Walsh orchestre ainsi un film qui file à tout allure, ne s'appesantit pas en questionnement et réflexions inutiles à l'image de la trajectoire triomphale de son héros bondissant. La famille est ainsi caractérisée dans le bruit et la fureur (hormis un très joli moment où Corbett vient rassurer sa mère inquiète avant un combat) et il en va de même pour l'histoire d'amour entre Corbett et Victoria Ware (Alexis Smith) où l'animosité et les répliques vachardes cachent une passion qui ne demande qu'à s'exprimer. Agacée par la prétention de Corbett tandis que ce dernier ne supporte pas son caractère hautain, il faudra la conclusion où notre héros fend l'armure face à un adversaire vaincu pour que Victoria comprenne enfin sa noblesse d'âme sous les rodomontades. Si l'on ne ressent pas tout à fait l'alchimie si parfaite qui pouvait exister entre Flynn et Olivia De Havilland, Alexis Smith compose un enjeu amoureux élégant et plein de caractère.

Dernier point marquant, il s'agit évidemment des combats. Walsh signe une mise en scène percutante où la puissance, la vélocité et la technique des combattants est constamment mise en valeur. Le réalisateur capture l'énergie de joutes toujours dépeintes dans des cadrages limpides donnant un sentiment de mouvement perpétuel avec une caméra semblant se plier au pas chassés de Corbett.
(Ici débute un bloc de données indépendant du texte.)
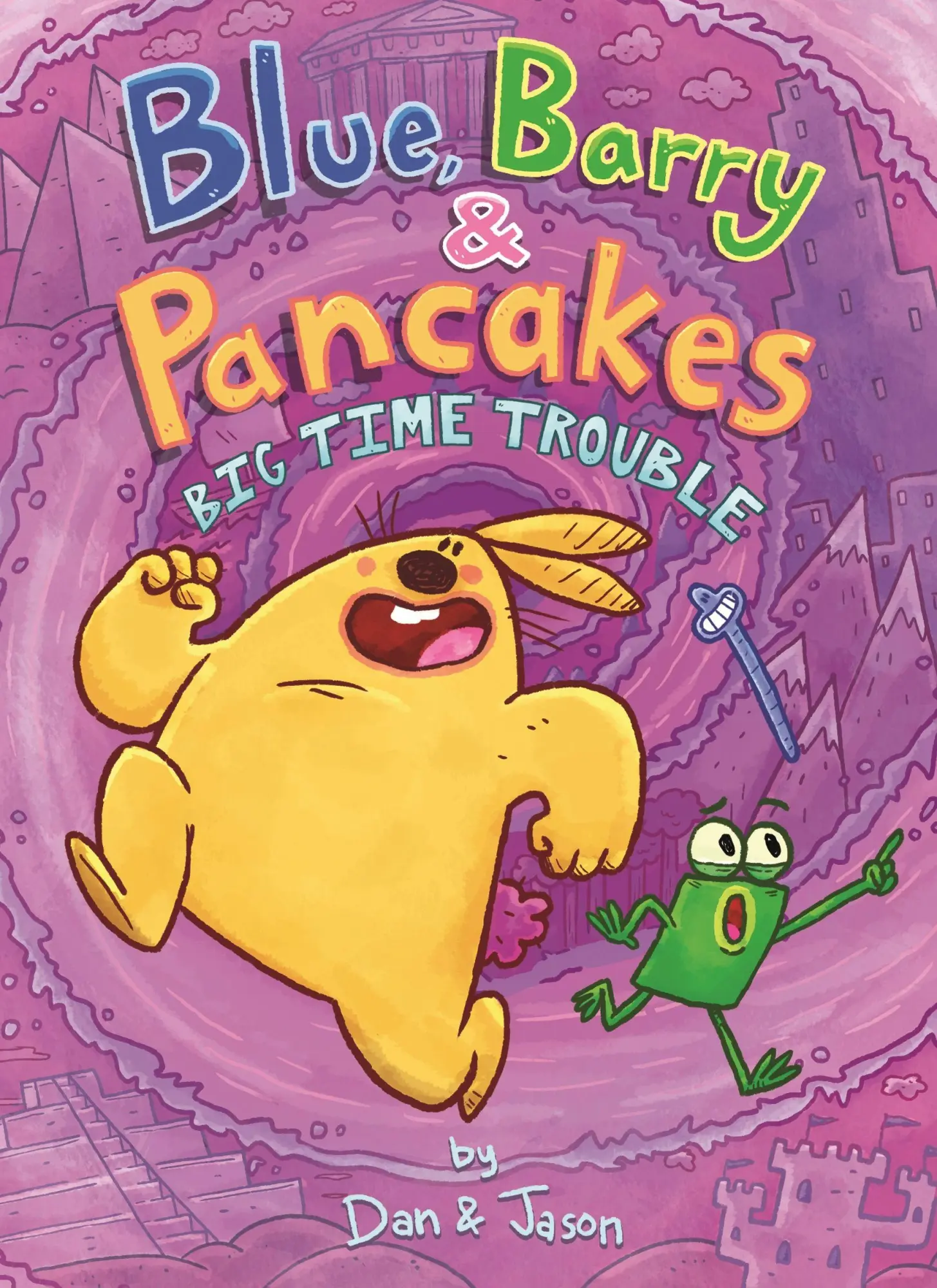 Blue, Barry &amp, Pancakes: Big Time Trouble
Le découpage est ainsi restreint à son efficacité la plus stricte (Walsh se prémunissant ainsi d'un remontage du studio avec un travail quasi impossible à remanier) où les inserts ne servent qu'à offrir un reflet enfiévré de la foule par rapport à ce qui se joue sur le ring.
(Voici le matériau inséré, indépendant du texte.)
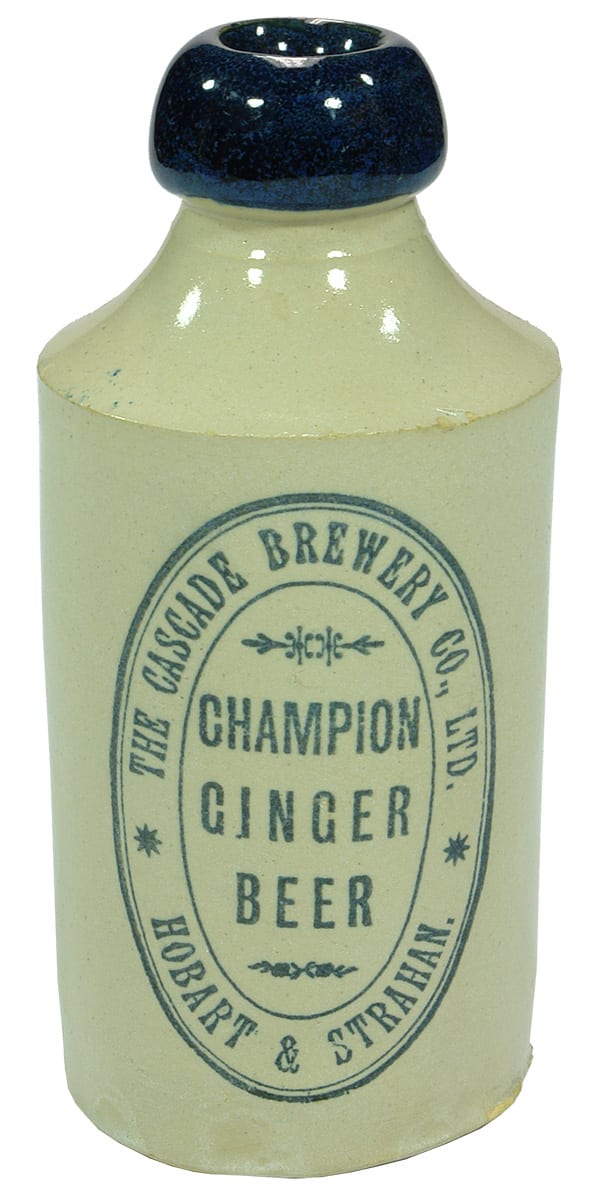 Cascade Brewery Champion Ginger Beer Hobart Bottle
Le combat épique contre Joe Choynski en offre un exemple parfait, prolongeant ce mouvement et multipliant les rebondissements en dehors (le shérif jeté à l'eau, les frères de Corbett vivant littéralement le combat qu'ils miment avec ardeur) que sur le ring avec des assauts furieux, de la tricherie et des adversaires se mettant tour à tour au tapis (Flynn donna tant de sa personne qu'il frisa d'ailleurs l'attaque cardiaque sur le tournage, son train de vie dissolu n'aidant pas).
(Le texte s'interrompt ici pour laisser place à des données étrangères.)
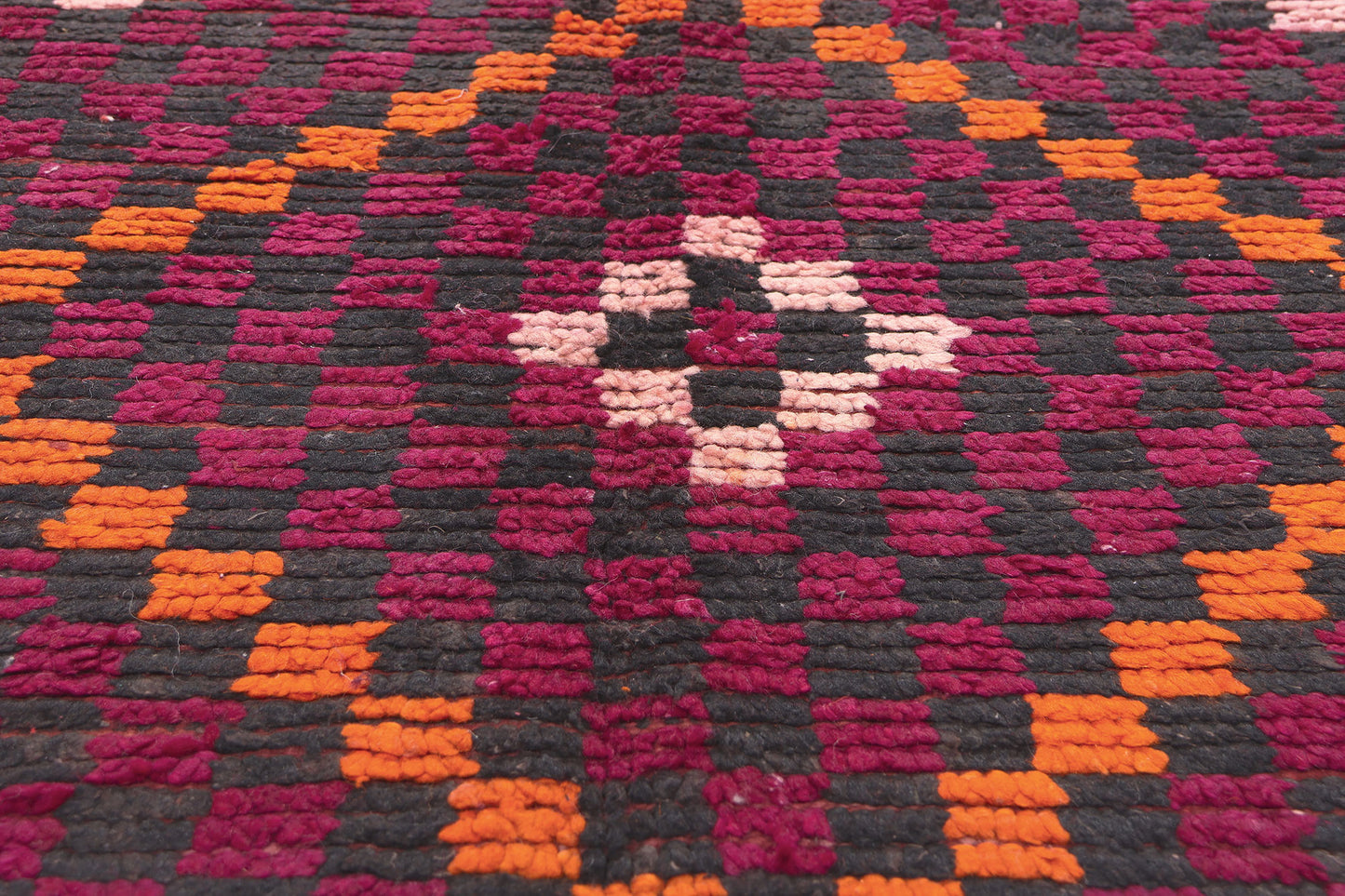7 x 15 Vintage Talsint Moroccan Rug 20226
Walsh fait d'ailleurs une vraie distinction entre la barbarie entre brute épaisse du début du film et la virtuosité et énergie dont fait preuve sa mise en scène par la suite, capturant par la seule image les lettres de noblesse qu'acquiert la boxe sous la férule de Corbett. Cette idée culmine dans le magnifique affrontement final contre Jack L. Sullivan (Ward Bond) où la férocité du ring n'a d'égale que le très touchant témoignage de respect mutuel qui conclut le film. C'est là que la différence se fait et que la boxe gagne ses galons de discipline de gentlemen, le folklore gravitant autour d'eux n'ayant plus d'importance.